Natascha Korvinus and Manal Tabet – both investment officers at Proparco – provide further details.

What is the aim of the new CREA Fund facility (Creative Enterprise Action Fund), supported financially by the EU and operationally by Proparco?

Natascha Korvinus (Senior investment officer – Venture Capital) : The creative economy has proven to be a driver and enabler of sustainable development in various emerging markets, but the sector is still one of the more underserved ones in terms of receiving financing. Access to finance is in fact one of the key barriers faced by companies within the creative and cultural industry (CCI).
With the CREA Fund, Proparco aims to boost investments in small CCI companies in predominantly Africa, by providing an attractive guarantee to investment funds that Proparco has invested in, that would cover a part of the potential losses for an investment they make in a CCI company.

Manal Tabet (Investment officer - Technical Assistance & Blending): This guarantee will be complemented by a Technical Assistance (TA) facility which will support all interested Financial Institutions in partnership with Proparco (funds, banks, MFI, etc.) in enhancing their understanding and strategies related to CCI financing. For instance, the facility could help them in securing external expertise to train their teams on the financial specificities of CCIs, to conduct targeted market research to boost their business pipeline or to address targeted points when conducting due diligences.
It will also provide capacity building services for identified prospects or portfolio companies. In this way, we hope to remove some of the obstacles encountered by Proparco's partners when considering financing CCIs.


Manal Tabet et Natascha Korvinius
Natascha Korvinus - Manal Tabet


  • " The CREA Fund project will facilitate access to financing for approximately 5 to 6 CCI companies, is expected to support between 380 and 456 direct jobs, and would leverage an estimated 22 million of financing into the CCI businesses."

What impacts do you expect from this facility, comprising both a guarantee and a technical assistance component?

Natascha Korvinus: CREA Fund aims to improve access to finance to CCIs in the ACP countries in the African Region and the Caribbean (excluding North Africa, South Africa, and the Pacific). The program should be seen as a pilot of €5 million, which will be available for deal-by-deal guarantees, free of charge, of up to €1.025 million. The CREA Fund project will facilitate access to financing for approximately 5 to 6 CCI companies, is expected to support between 380 and 456 direct jobs, and would leverage an estimated €22 million of financing into the CCI businesses. Overall, the CREA Fund project fits well with the 100% Social Link strategy of the AFD Group.

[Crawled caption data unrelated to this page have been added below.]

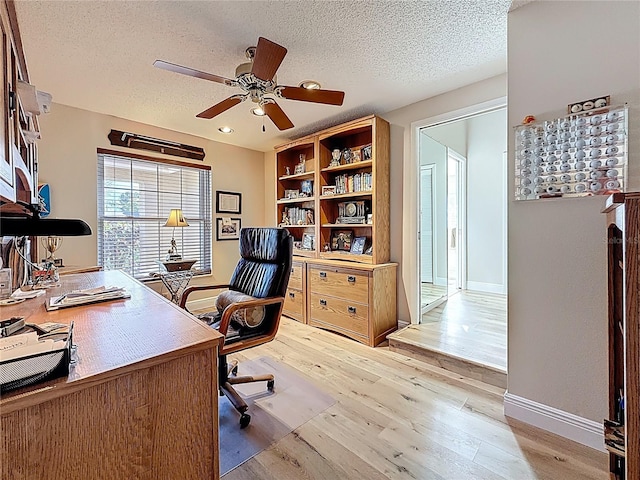 office area featuring baseboards, light wood-style flooring, a textured ceiling, and ceiling fan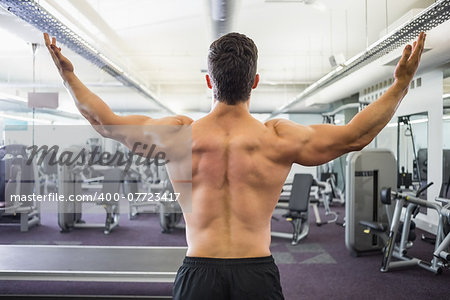 Rear view of a shirtless muscular man with arms raised in gym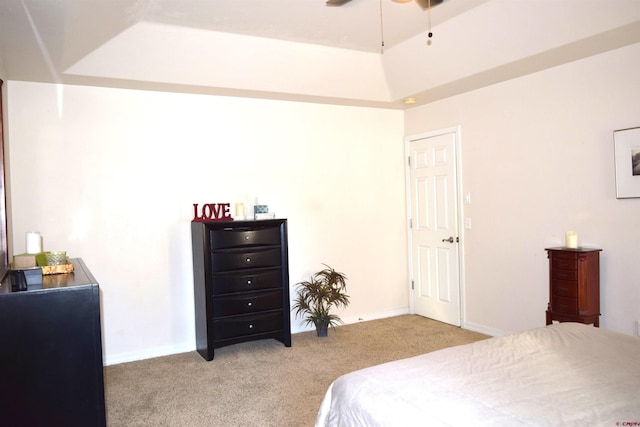 bedroom featuring ceiling fan, light carpet, and a tray ceiling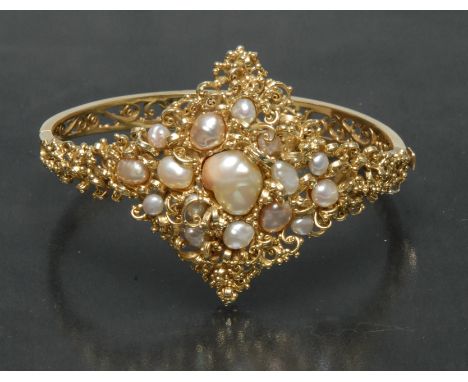 A blister pearl and 15ct gold hinge bangle, naturalistic scrolling crest, inset with sixteen mixed cream, white and grey blis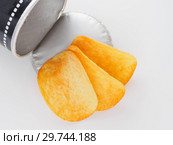 Crispy potato chips are poured out of the package in the form of a cardboard tube / cylinder on white background. Стоковое фото, фотограф Евгений Бобков / Фотобанк Лори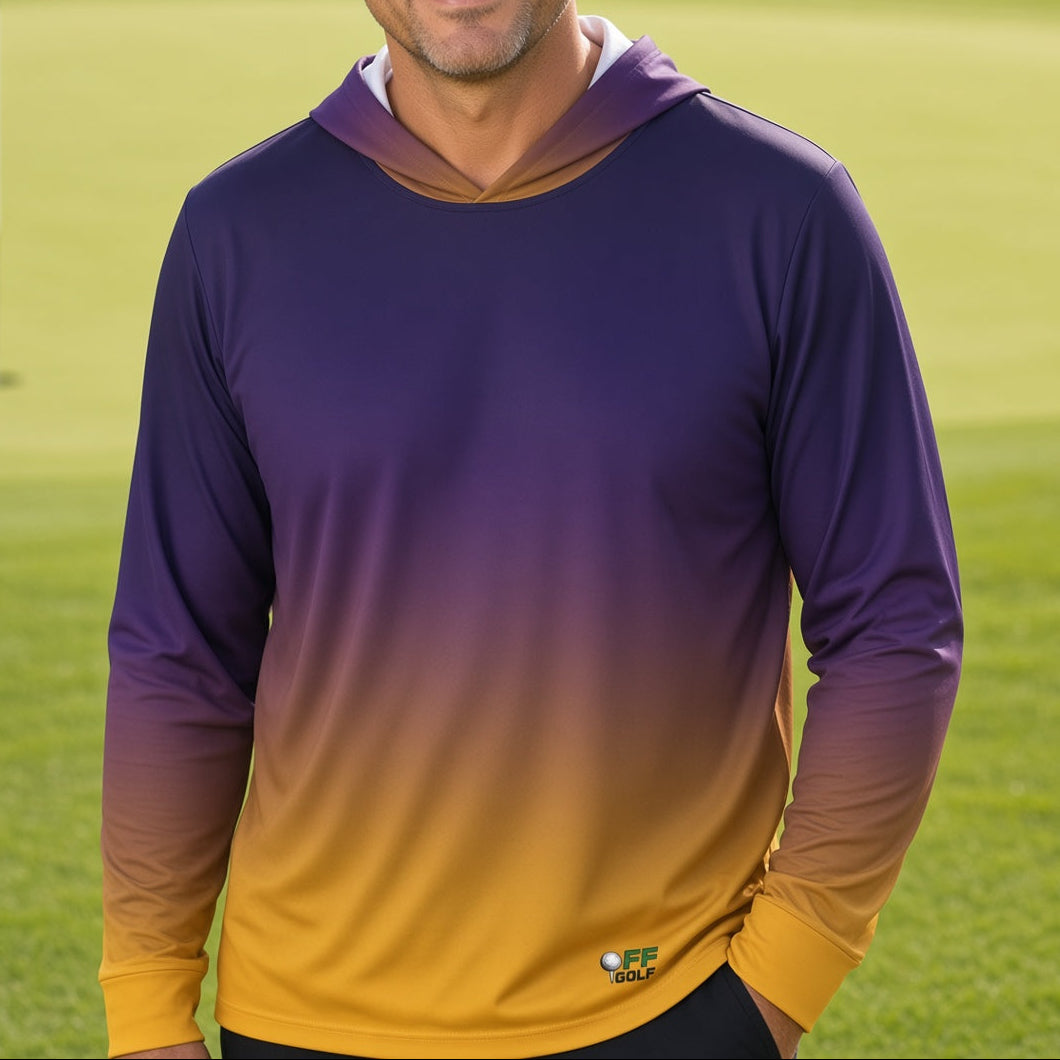 A man standing on a golf course wearing a purple and yellow gradient long-sleeve hooded shirt.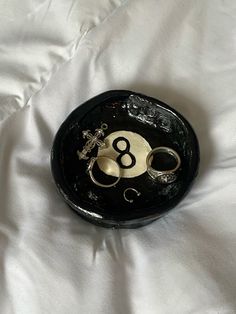 a black and white clock with the number eight in it's center on a white sheet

Manal Tabet: CREA Fund is a pilot project for Proparco. It will promote awareness among financial institutions on this very specific sector. Through an enhance access to finance, it will support the growth of these SMEs which, yes, do have intangible assets and unconventional business models, but still play a key role in terms of social cohesion, dissemination of knowledge and culture, territorial promotion and of course, job creation - especially among women and youth. Around 20 TA missions are foreseen during the course of the programme as well as market studies, information sessions and networking events.

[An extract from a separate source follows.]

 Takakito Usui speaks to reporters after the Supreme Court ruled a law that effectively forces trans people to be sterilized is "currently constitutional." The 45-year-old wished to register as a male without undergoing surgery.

Discover the Press release (15/02/2022)

In 2019, only 1.1% of total investment in African start-ups went into CCIs. How can this difficulty in accessing finance be explained?

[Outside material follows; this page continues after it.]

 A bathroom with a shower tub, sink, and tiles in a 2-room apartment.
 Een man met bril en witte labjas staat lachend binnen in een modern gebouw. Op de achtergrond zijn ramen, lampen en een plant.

Natascha Korvinus: Despite its potential, the sector has is still perceived as lacking success stories in terms of returns and as high risk. Financiers are often reluctant to target the sector, due to the size of the CCIs (mostly SMEs and start-ups), the intangible nature of their assets, and a lack of expertise among financial intermediaries in addressing the sector specificities. Grant programs and state/private backed support initiates exist, but due to the massive infrastructural gap in the sector, there is an additional need for a multifaceted approach in financing. The lack of access to financial innovative instruments makes the functioning and creative production of CCIs in development contexts difficult and in many cases unsustainable.

Manal Tabet: The TA facility is definitely designed to address some of these obstacles – CCI indeed combine the traditional difficulties encountered in SME financing (maturity of the pipeline, costly due diligence, capacity building needs, etc.) with, in addition, a great difficulty, for financiers, to capture the growth potential of these very specific business models. Proposing expertise to develop knowledge and deploy adapted financing strategies is part of the answer.


  • "The European Union provided Proparco with the opportunity to offer its partners the necessary tools to encourage them in considering investments within this sector."

What is the growth and job creation potential of the cultural and creative industry in Sub-Saharan Africa?

Manal Tabet: The first major global study on this topic has been conducted by UNESCO in 2015: it highlighted the economic potential of the sector, which employed, at the time, almost 29.5 million people and generated revenues of around $2.225 billion worldwide. However, in Africa and the Middle East, the share was estimated at a mere 3% of total revenues ($58 billion) and 8% of the jobs - in a region concentrating over 17% of the world's population. There is obviously a significant potential for growth.  

This is backed, between others, by the boom of digital technologies, which have a great impact both on accessing content and in reducing production and distribution costs (streaming, e-commerce, etc.). But this global trend can also be supported, in African, by the demographic growth (youth being the consumers of CCI contents), an observed growing appetite for local or regional cultural content and the emergence, in some countries, of governmental strategies to support the sector.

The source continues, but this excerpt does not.